Mas, de fato, Patica representava, nas narrativas de Magdalena, a mãe postiça, aquela figura boa que “nos tempos patriarcais, criava menino lhe dando de mamar, que lhe embalava a rede ou o berço, que lhe ensinava as primeiras palavras de português errado, o primeiro „padre-nosso‟, a primeira „ave-maria‟, [...], que lhe dava na boca o primeiro pirão com carne e „molho ferrugem‟, ela própria amolegando a comida” (FREYRE, 1998, p. 335-336). Patica figura enquanto metonímia de tantas outras mães-pretas que foram eternizadas pela escrita literária, entre as quais cito a escrava Rita, negra doméstica da confiança da avó de Eloy de Souza (1975), que foi mencionada pelo escritor em sua memorialística.

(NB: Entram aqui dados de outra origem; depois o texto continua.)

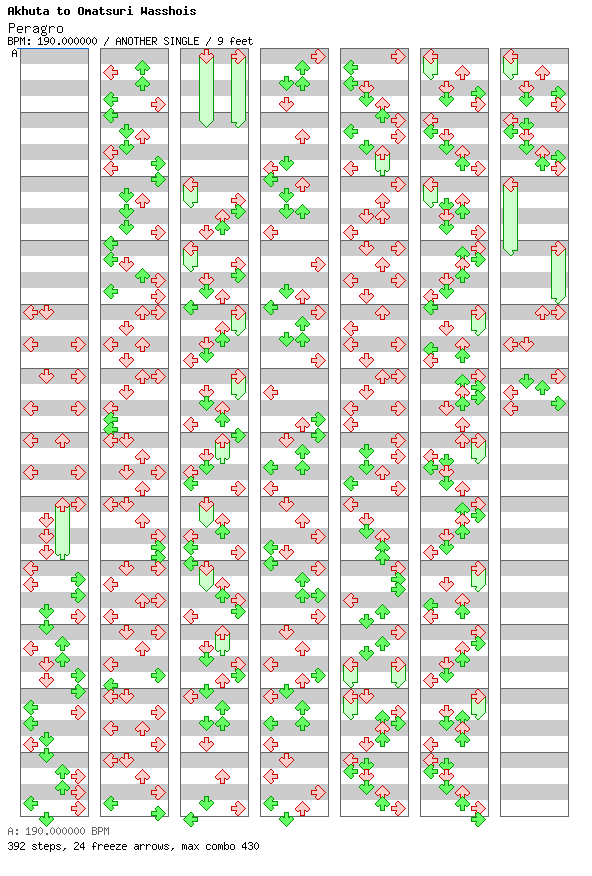 [Chordophones] - Peragro / 4 / ANOTHER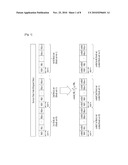 METHOD AND APPARATUS OF COMMUNICATION USING SOFT DECISION diagram and image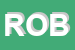 Logo di ROBOR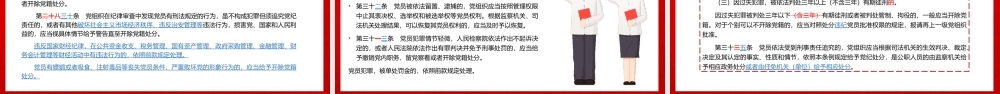 2024年新修订中国共产党纪律处分条例解读PPT模板.pptx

Patica foi investida por Magdalena de atributos que a ligavam à docilidade, à maternagem, mas também à servidão. Uma servidão romanceada e saudosa, em que o sentimento de submissão era naturalizado e encarado como uma demonstração de afetuosidade. Até mesmo o fato de a escrava ter permanecido na dependência dos Antunes durante toda a vida foi interpretado pela escritora como reflexo desse sentimento da escrava em relação a ela, visão que fez com que Magdalena Antunes fosse de encontro ao texto de Joaquim Nabuco em sua obra O Abolicionismo publicada originalmente em 1883. Assim Magdalena escreveu a propósito do mesmo:

Li algures: “Não vejo nada digno de admiração ou de entusiasmo na conduta desses escravos fiéis pela inércia. Todos sabemos que depois da abolição dos escravos, muitos deles não se quiseram separar de seus amos. Nessa fidelidade não vejo nada que seja realmente humano...” Quem escreveu estas linhas não conheceu, por certo, a dedicação de uma serva como a Patica (ANTUNES, 2003, p. 93-94).

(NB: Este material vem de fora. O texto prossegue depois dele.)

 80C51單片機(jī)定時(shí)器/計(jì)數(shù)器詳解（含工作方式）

E para revalidar seu argumento em contraposição ao texto de Joaquim Nabuco, Magdalena Antunes enfatizou outra passagem de sua vida, onde trouxe a demonstração do sentimento da escrava em relação a ela. Esse momento é exatamente quando Patica compra um vestido de crochê para a boneca de Magdalena Antunes, retirando das suas parcas

economias 320 réis, contrariando inclusive a sua senhora, a mãe da menina, que não queria comprar o mimo. “Encantada com o objeto, não me atendeu por achar o preço exorbitante. Chorei, implorei, nada! Minha mãe era inflexível em matéria de economia” (ANTUNES, 2003, p. 94). Após ver a situação a escrava suplicou à sua senhora em favor da menina, tendo assim, após relutância, o pedido atendido: “- Chica – Bradou minha mãe – tú estás botando esta menina a perder! – Consinta, Sinhá Moça! – Suplicou com humildade a serva” (ANTUNES, 2003, p. 94-95).

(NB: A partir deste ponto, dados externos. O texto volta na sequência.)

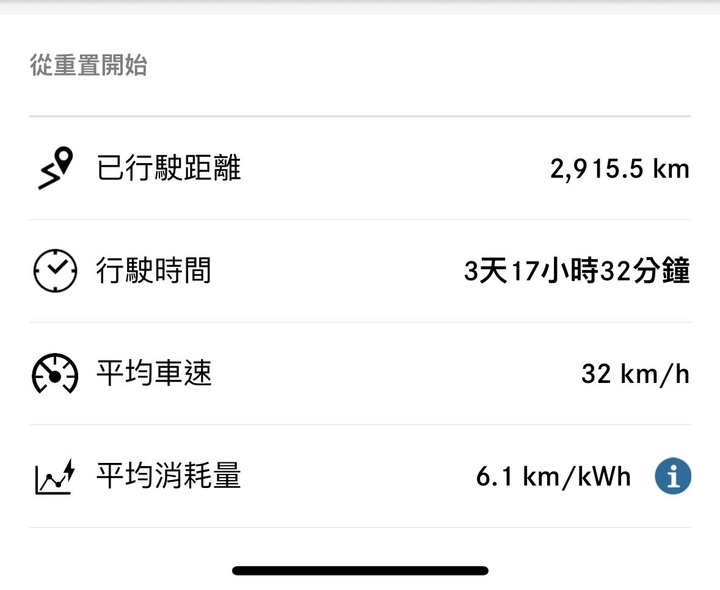 迎接EQE300，也謝謝我的CLA250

Magdalena Antunes ainda deu ênfase ao gesto da velha escrava, afirmando que ela só recebia algum dinheiro quando seus senhores, num gesto de generosidade, lhe destinavam algum vintém para que ela comprasse fumo. De fato, retirar todo esse dinheiro para comprar um vestido de boneca representava um ônus sem precedentes no limitado pé-de-meia da escrava, tanto que a mãe de Magdalena Antunes se conscientiza do fato e devolve a surrada quantia. No entanto, o gesto da escrava repercutiu na menina: “Eu fiquei perdida! Mas perdida de amor pela Patica” (ANTUNES, 2003, p. 95).